What is it, you ask?
Well if you think it's a new building going up, you're wrong - at least partially. It's actually the 'ghost' of a building that once stood there.
Here's the explanation - the structure, which is made of weathered steel angle iron, is part of a couple of new large-scale art projects commissioned by the city for the expansion of the east side streetcar.
Two towering structures are being built at the east side of both the Hawthorne and Morrison Bridges in a combined project called Inversion: Plus Minus. And coming up next year, an artist will be building an art sculpture shelter at Northeast Broadway and Weidler.
The art work is being funded under an ordinance that requires that 2 percent of the cost of publicly-funded capital construction projects be set aside for public art.

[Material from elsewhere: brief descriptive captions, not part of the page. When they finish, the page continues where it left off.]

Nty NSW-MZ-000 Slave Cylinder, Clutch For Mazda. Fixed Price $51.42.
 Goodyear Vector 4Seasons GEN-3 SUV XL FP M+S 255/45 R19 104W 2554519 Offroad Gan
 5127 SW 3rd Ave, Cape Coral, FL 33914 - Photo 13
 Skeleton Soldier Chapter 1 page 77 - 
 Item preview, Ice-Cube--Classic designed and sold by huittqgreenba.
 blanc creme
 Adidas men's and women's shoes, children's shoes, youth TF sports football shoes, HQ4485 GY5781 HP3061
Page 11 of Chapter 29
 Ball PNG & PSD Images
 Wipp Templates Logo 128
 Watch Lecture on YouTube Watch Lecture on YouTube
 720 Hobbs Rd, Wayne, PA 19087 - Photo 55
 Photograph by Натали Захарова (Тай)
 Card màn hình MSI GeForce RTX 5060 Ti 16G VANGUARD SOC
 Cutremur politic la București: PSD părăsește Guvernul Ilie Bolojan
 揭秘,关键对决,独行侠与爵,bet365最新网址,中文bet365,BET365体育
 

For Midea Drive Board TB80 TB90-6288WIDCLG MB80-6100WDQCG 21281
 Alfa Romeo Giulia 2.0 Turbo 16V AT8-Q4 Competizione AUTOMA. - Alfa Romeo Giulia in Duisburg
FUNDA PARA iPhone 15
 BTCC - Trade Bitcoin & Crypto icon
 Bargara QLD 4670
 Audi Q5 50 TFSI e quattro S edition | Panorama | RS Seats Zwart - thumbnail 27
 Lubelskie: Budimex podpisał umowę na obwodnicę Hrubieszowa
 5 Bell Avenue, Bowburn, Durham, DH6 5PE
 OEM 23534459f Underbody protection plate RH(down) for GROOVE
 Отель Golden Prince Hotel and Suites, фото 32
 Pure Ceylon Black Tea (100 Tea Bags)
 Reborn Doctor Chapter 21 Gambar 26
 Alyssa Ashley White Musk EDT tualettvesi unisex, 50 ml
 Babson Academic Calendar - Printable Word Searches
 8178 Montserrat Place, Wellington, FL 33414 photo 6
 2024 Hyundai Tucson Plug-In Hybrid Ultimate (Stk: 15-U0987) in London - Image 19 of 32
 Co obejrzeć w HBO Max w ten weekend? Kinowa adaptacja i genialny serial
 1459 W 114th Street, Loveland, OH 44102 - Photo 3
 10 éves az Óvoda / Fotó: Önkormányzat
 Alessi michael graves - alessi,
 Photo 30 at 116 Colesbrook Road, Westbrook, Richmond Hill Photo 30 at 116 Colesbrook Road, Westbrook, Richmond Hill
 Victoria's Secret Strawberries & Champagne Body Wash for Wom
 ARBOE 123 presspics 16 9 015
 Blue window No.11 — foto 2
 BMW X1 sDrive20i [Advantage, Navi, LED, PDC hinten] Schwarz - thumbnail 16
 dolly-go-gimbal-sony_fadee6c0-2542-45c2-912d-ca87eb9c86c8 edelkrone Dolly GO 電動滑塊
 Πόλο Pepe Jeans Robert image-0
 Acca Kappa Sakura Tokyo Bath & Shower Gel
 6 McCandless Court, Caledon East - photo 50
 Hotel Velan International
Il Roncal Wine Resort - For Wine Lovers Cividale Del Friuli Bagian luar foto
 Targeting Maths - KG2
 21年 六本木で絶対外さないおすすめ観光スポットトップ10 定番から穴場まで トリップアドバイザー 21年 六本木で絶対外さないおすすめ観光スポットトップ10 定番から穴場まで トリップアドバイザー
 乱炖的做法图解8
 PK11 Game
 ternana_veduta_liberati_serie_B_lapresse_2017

Inversion: Plus Minus was designed by two Seattle artists who have strong connections to the Portland area. Annie Han and Daniel Mihalyo of Lead Pencil Studio have taken up residence here in town while they work on completing the project.
Han is a David Douglas High School graduate and both she and Mihalyo are alumni of the University of Oregon's School of Architecture and Allied Arts.
We talked to Han this past week about the Inversion: Plus Minus project and what it means for the east side of town.
"Daniel and I find this area to be really special," she said. "I think every city has kind of an area that gets debased or it gets developed with something else and it goes away."
That was the inspiration behind the sculpture, which is meant to represent the 'ghost' of an old foundry, Phoenix Iron Works, that used to be there decades ago. The foundry shut down in 1957 and the property was sold to Multnomah County.
The Hawthorne Bridge structure is a matrix of metal that is meant to almost appear as a solid building. The Morrison Bridge site will be constructed differently to represent the negative space of the old foundry.
"It's not just that we want to bring back the nostalgia of the past," Han said. "But it's the fact that the city is constantly changing and there are some things worth keeping - whether it's only in your memory or physically. And so we feel, in a way, like we are bringing back a part of the honesty of this area - the industrial area."
Han said folks have been stopping by and asking about the structure. And while most of the feedback has been positive, Han does realize there will be critics - and she is fine with that.
"It would be strange to make something and either everybody dislikes it or everybody loves it," she said. "It comes with the territory - especially when you are putting your work in a public space."
Photo by Shannon L. Cheesman, KATU.com Producer/Reporter
Throughout the process, the artists have welcomed feedback from the public.
"I love that opportunity," Han said. "Because usually when you have a show in a gallery or museum, you put up your piece and then you never really have that direct conversation with the people who are looking at it. But when you are working outside, people do stop by and you have a very direct conversation about it."
When it's all said and done, Han hopes people will recognize the structures for what they are and hopefully have conversations about what they represent.
"It will be great if people can notice it and think about it and think about the kind of collective history of this area," she said.
As far as a timeline, the Hawthorne Bridge structure is slated to be finished this weekend. Then, once the weather gets better (around late spring or summer), the artists will begin work at the Morrison Bridge site.
Work will begin on the art shelter project, which is being done by artist Jorge Pardo, late next year.